**Work required**
From the records below, print exactly the lines starting at the one containing "стартовала Всероссийская акц" and ending at the one containing "Temporal em BH: Chuva", ends included, and nothing else.

[Information supplied Boundary: Start]

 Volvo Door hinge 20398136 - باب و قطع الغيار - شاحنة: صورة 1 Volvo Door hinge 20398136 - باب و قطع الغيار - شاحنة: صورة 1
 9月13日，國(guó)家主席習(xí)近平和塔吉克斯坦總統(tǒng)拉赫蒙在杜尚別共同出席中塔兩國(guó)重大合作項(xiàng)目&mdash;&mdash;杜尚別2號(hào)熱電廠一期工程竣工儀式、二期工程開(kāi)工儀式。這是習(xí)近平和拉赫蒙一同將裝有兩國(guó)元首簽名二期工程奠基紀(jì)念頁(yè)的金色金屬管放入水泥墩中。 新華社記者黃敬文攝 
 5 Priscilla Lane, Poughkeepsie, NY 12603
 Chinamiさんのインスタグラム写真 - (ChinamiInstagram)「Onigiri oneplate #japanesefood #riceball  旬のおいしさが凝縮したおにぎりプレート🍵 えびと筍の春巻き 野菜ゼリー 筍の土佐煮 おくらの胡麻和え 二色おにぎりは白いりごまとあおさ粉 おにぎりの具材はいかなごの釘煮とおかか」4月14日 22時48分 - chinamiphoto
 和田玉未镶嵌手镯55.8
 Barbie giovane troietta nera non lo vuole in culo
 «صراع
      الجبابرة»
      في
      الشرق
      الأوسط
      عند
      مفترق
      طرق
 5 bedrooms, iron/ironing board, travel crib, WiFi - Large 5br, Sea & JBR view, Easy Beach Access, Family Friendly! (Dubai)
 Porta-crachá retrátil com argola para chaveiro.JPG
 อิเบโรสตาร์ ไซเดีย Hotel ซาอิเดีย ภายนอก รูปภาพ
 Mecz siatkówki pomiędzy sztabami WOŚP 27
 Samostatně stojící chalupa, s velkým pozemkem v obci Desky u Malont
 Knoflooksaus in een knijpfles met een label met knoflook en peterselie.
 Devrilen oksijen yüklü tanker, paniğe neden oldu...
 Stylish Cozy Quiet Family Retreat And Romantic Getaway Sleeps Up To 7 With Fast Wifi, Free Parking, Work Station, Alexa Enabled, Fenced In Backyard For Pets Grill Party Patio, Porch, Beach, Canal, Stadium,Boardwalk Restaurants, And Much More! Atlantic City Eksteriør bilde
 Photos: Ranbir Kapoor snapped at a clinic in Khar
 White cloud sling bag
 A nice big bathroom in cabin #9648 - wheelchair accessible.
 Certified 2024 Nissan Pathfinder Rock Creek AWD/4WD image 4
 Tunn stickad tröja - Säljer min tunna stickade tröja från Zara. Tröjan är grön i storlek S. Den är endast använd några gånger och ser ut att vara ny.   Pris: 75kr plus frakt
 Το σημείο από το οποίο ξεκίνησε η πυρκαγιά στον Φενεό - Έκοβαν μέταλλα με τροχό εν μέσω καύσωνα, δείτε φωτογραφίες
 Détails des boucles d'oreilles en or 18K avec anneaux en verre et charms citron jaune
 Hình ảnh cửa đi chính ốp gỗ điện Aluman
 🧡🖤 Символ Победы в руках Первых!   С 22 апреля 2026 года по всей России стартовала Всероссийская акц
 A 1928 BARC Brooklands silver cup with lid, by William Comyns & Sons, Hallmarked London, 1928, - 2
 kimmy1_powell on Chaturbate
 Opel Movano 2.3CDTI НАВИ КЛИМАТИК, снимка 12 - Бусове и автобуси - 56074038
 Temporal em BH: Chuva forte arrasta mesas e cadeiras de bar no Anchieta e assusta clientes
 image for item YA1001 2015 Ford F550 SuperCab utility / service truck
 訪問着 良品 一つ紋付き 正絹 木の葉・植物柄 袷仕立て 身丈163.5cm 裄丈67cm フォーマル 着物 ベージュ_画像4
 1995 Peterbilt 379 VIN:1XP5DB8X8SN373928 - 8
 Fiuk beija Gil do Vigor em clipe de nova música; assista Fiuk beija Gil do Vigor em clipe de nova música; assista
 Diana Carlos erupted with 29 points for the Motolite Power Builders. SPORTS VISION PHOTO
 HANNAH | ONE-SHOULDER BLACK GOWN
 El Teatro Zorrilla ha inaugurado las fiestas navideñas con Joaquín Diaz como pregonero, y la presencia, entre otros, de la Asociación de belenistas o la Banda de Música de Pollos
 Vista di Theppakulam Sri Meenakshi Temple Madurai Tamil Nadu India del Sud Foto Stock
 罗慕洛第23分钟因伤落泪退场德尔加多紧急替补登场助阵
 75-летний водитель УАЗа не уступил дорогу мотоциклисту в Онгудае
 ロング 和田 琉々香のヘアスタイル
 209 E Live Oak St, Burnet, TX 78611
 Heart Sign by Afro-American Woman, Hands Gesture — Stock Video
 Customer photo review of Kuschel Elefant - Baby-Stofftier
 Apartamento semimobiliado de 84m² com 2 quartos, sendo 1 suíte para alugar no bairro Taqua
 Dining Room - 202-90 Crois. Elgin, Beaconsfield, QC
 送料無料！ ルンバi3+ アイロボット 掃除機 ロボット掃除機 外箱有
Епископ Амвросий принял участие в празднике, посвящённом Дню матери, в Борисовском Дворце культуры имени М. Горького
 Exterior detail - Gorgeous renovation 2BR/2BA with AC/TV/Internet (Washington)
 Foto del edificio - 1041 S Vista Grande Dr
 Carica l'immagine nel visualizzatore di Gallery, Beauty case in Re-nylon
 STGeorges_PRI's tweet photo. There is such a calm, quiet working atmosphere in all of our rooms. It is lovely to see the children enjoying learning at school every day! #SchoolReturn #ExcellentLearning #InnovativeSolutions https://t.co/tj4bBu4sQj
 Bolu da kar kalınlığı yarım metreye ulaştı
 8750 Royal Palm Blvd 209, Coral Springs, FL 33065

[Information supplied Boundary: End]

**Result for this task**
 🧡🖤 Символ Победы в руках Первых!   С 22 апреля 2026 года по всей России стартовала Всероссийская акц
 A 1928 BARC Brooklands silver cup with lid, by William Comyns & Sons, Hallmarked London, 1928, - 2
 kimmy1_powell on Chaturbate
 Opel Movano 2.3CDTI НАВИ КЛИМАТИК, снимка 12 - Бусове и автобуси - 56074038
 Temporal em BH: Chuva forte arrasta mesas e cadeiras de bar no Anchieta e assusta clientes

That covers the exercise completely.